Chromebook Reviews

Hands on: What a $149 Chromebook is actually like to use

How good of a Chrome OS experience can $149 really get you? Time to find out.

Hisense Chromebook

How much would you pay for a Chromebook?

If you're more of a power user (and let's face it, if you're reading this, there's a decent chance that you are), you might be willing to pay a little extra in order to get a nicer and/or more powerful system. If cost is a concern, though -- or if you're looking at buying Chromebooks for kids or even in bulk for schools -- the prospect of an entry-level laptop at $149 might be just the ticket.

Even if you're not in the market for such a system, it's interesting to see what kind of Chrome OS experience $149 can buy.

That's why I decided to take a little time to check out one of the two new $149 Chromebooks Google just started promoting. Well, that's part of the reason, at least. The other part is that these low-cost systems have identical internals to a neat-looking convertible touchscreen Chromebook coming out later this year -- the $249 Asus Chromebook Flip -- and I wanted to get an early idea of what kind of performance we could expect from that device.

The $149 Chromebooks are made by Haier and Hisense, two companies you've probably never heard of until now (it's okay -- I hadn't, either). They're being sold exclusively at Walmart and Amazon, respectively, and they're pretty similar -- the same basic specs, though the Haier model is a bit smaller and lighter and promises 10 hours of battery life compared to the Hisense's 8.5. The Hisense, meanwhile, has some extra design flourishes like an actual metal wrist-rest alongside its keyboard.

I've been using the Hisense -- and in the simplest possible terms, it's okay. It's serviceable but not spectacular. But let's remember that it's also a $149 computer. When you consider it within those parameters, things take on a very different color.

Hisense Chromebook Exterior

In terms of materials and build quality, the Hisense Chromebook isn't terribly far removed from entry-level systems by the likes of Samsung, Acer, and Asus. It's plastic, though actually less flimsy-feeling than what I've seen on many of the more expensive lower-end models. The metal wrist-rest also provides a welcome touch of class and makes the laptop seem extra sturdy.

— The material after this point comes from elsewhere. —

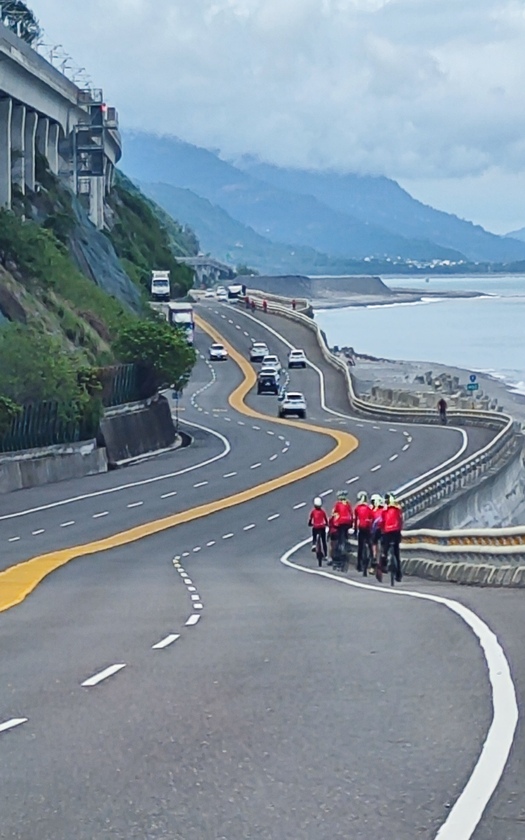 CyclingTaiwan,CyclingAdventure,單車看見台灣,台灣旅遊,biketour,專案團,小鐵人探險隊,小鐵人環島,單車環島,環島壯遊蘇花9日,枋寮,太麻里,屏鵝海岸公路,海豚灣,茉莉灣,南迴公路,壽卡鐵馬驛站,大武之心南迴驛,紅藜肉燥飯,大鳥,大竹,多良,新金崙景觀大橋,太麻里曙光酒店,親子單車旅行,兒童單車環島,台灣單車旅行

The 11.6-in. TN display is pretty standard fare for this class of Chromebook, meanwhile -- grainy and washed out, not great viewing angles, but good enough for basic browsing and document work. And the keyboard's similarly okay -- the typical Chrome OS layout and chiclet-style keys, though on the cheaper end of the spectrum in terms of quality (and also a bit cramped, due to the device's size).

Hisense Chromebook Keyboard

My only real complaint is that when I'm typing, the system periodically loses letters -- so if I type "hello," it might come out as "hllo," for instance. That's obviously a serious problem. Or a srius problm, as the Hisense Chromebook might put it. I'm not sure if it's a quality issue with the keyboard itself or something related to performance and the computer not being able to keep up (if I slow my typing down to a peck-like pace, things work consistently fine) -- but either way, it's not good.

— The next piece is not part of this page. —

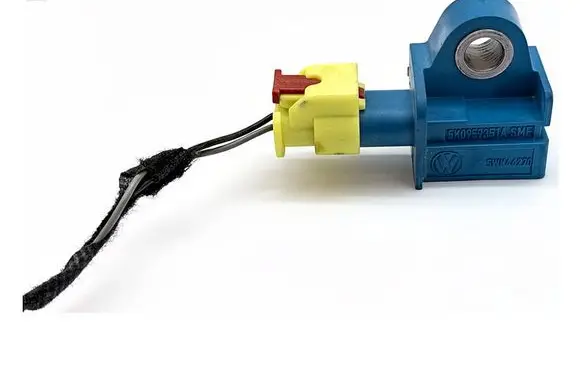 Audi Q3 8U Airbag deployment crash/impact sensor 5K0959351A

Speaking of performance, the Hisense Chromebook runs on a Rockchip 3288 ARM processor (yes, that's an actual thing) along with 2GB of RAM. As I mentioned, that's the same setup that'll be in Asus's upcoming Chromebook Flip, though that device will also come in an optional 4GB RAM configuration.

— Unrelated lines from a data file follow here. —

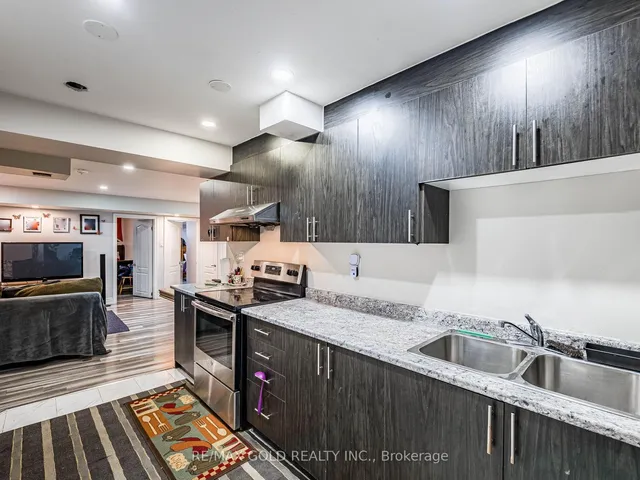 Additional image 32 of 6 Feeder St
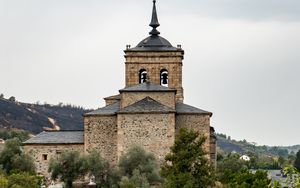 Превью обои церковь, здание, архитектура, деревья, испания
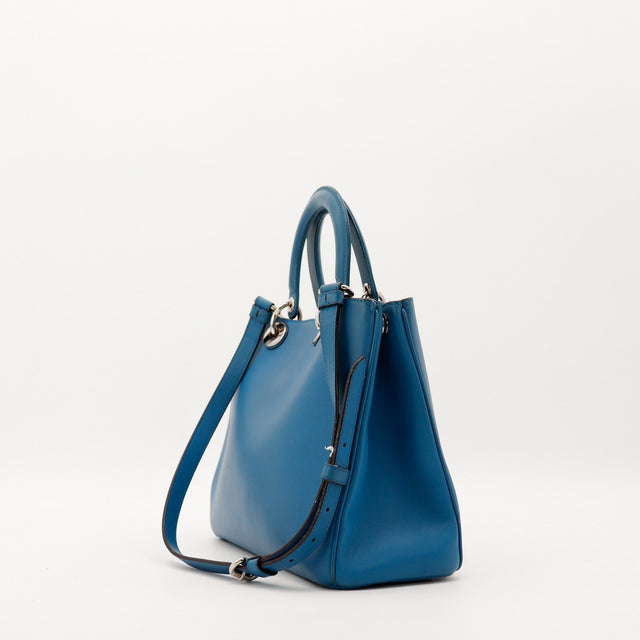 Vue laterale sac Dior Diorissimo bleu canard structure elegante — AMANA Vintage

And you know what? Aside from the weird occasional dropped-letters thing, it's actually not half-bad. The system is by no means a speed demon, and it's not as snappy or as capable as most of the higher-end Intel-based Chromebooks we've seen come out over the past several months, but it's also not awful. If you're doing pretty basic stuff -- browsing the Web, sending emails, and so forth -- and keeping only one or two tabs open at a time, it's good enough to get the job done.

If you start having more than a few tabs open at a time, you'll definitely feel the Rockwell's limitations. The system remains usable even with several tabs running, but it does get a little sluggish. Still, it's not nearly as bad as what we used to see with the older ARM Chromebooks, like the original HP Chromebook 11. An extra 2GB of RAM could probably go a long way in making this setup sufficient even for more demanding users.

As it stands, it's an impressive offering for $149 (again, aside from the dropped letters issue -- no matter how inexpensive it is, that's hard to get past). "Good enough" is the key phrase here, as you may have noticed throughout this story, and that's about what you should expect at this price point. You can certainly get a much better experience in terms of performance and hardware quality if you're willing to drop an extra hundred or two, but this system isn't intended for people who are looking to spend extra money.

If the keyboard issue can be resolved, this $149 Chromebook could be a perfect solution for folks who need a simple, inexpensive, and easily replaceable vessel for getting online and getting stuff done. And its performance makes me optimistic to see what kind of experience Asus's convertible touchscreen Chromebook will be able to deliver.